A Florida family filed a lawsuit after their 13-year-old was wrongly arrested when a classmate posed as her and made damning threats.
Nia Whims, a former student at Renaissance Charter School in Pemboke Pines, was taken into custody after a fellow student created a fake profile pretending to be her. The student, identified as M.S., then sent messages from the fake profile to herself and a teacher, threatening to blow up the school and kill people. The teacher reported the incident to school officials, and Whims was taken into custody on November 19th.
As a result of the mistaken identity case, the teenager spent several days at a juvenile detention center on a felony charge of making a written threat to do bodily harm or commit an act of terrorism. She was ordered to undergo a psychological evaluation before being released on November 29th. M.S. has now been charged with written threats to kill or do bodily harm and falsifying a police report. Reports show that Whims reported was continuously bullied by M.S. and even requested a meeting with school officials to remedy the situation, though it never took place. Her mother, Lezlie-Ann Davis, eventually pulled Whims out of the school after the bullying persisted with no intervention. Now, Whims’ family is demanding justice.

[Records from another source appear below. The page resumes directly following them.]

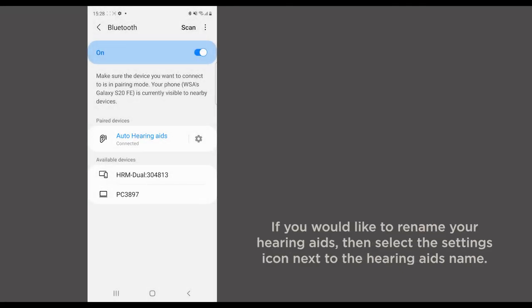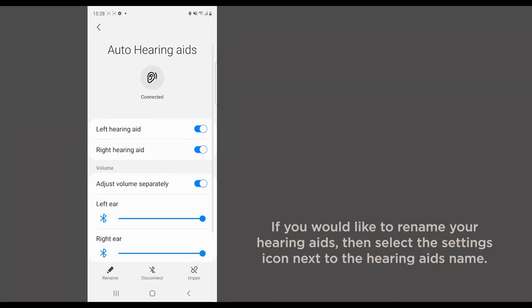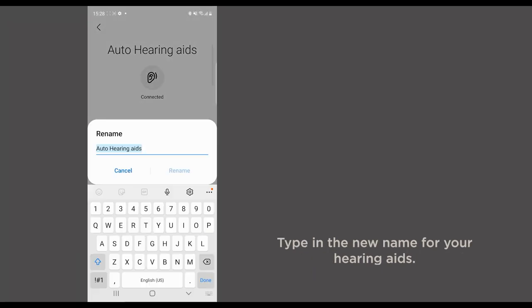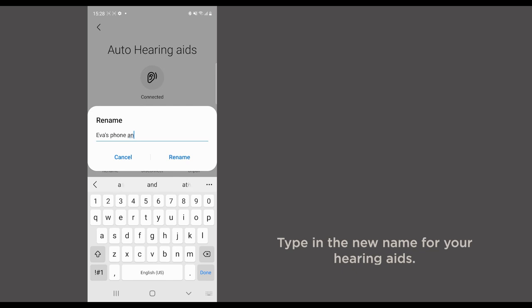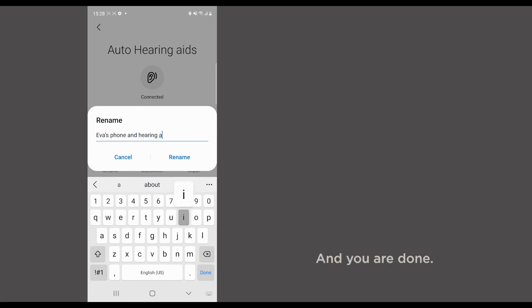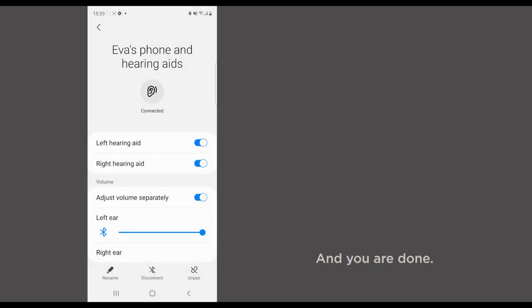If you would like to rename your hearing aids, then select the settings icon next to the hearing aids name. Type in the new name for your hearing aids. And you are done.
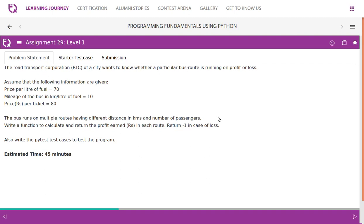Assignment 29 level 1. The road transport corporation of a city wants to know whether a particular bus route is running on profit or loss. Assume that the following information are given.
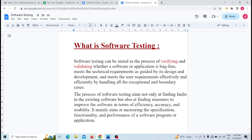What is software testing? The accurate answer: Software testing can be stated as the process of verifying and validating whether a software or application is bug-free, meets the technical requirements as guided by its designing and development, and meets the user requirements effectively and efficiently by handling all the exceptional and boundary cases. The main aim of software testing is to find out bugs and defects.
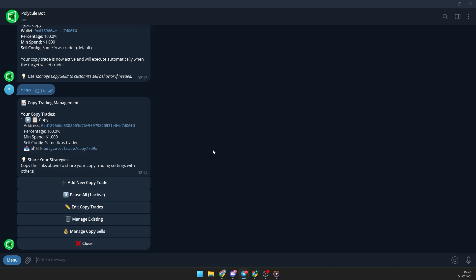Remember, you can access PolyClue through the link in the description or the pinned comment. Happy trading.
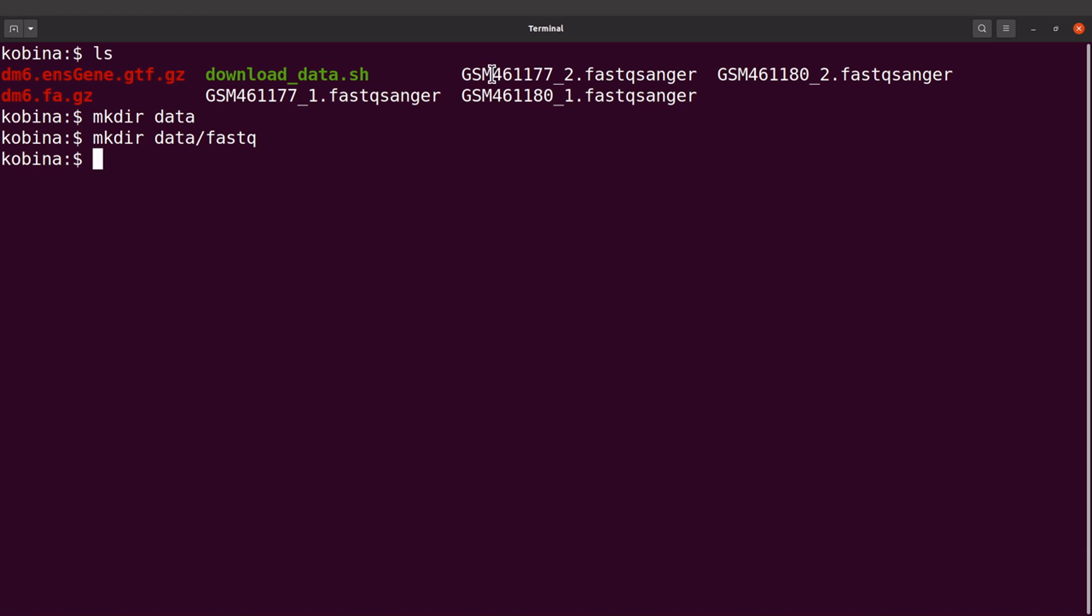So I'll move all the fastq files into the directory. I'll say mv and then gsm* - so all files that begin with GSM will be moved. We can see that we have four files: one, two, three, four. These are the fastq files.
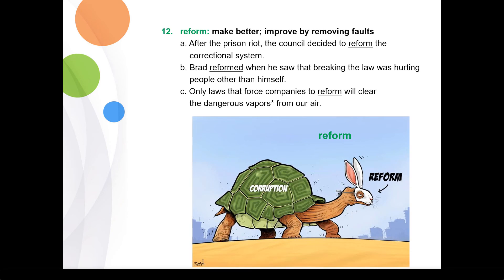'Reform' means to make better or improve by removing faults. Example one: after the prison riot, the council decided to reform the correctional system. Example two: Brad reformed when he saw that breaking the laws was hurting people other than himself. Example three: only laws that force companies to reform will clear the dangerous vapors from our air.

According to their lawsuit, the Pembroke Pines Police Department arrested Whims without properly investigating “easily discoverable information.” Instagram and its parent company, Meta, formerly Facebook, are also mentioned in the suit. Whims endured much of the bullying on these apps.
“They need to make sure they do their homework prior to putting our children in handcuffs and locking them up,” stated the family’s attorney, Marwan Porter. Whims also spoke out, calling the ordeal “heartbreaking.”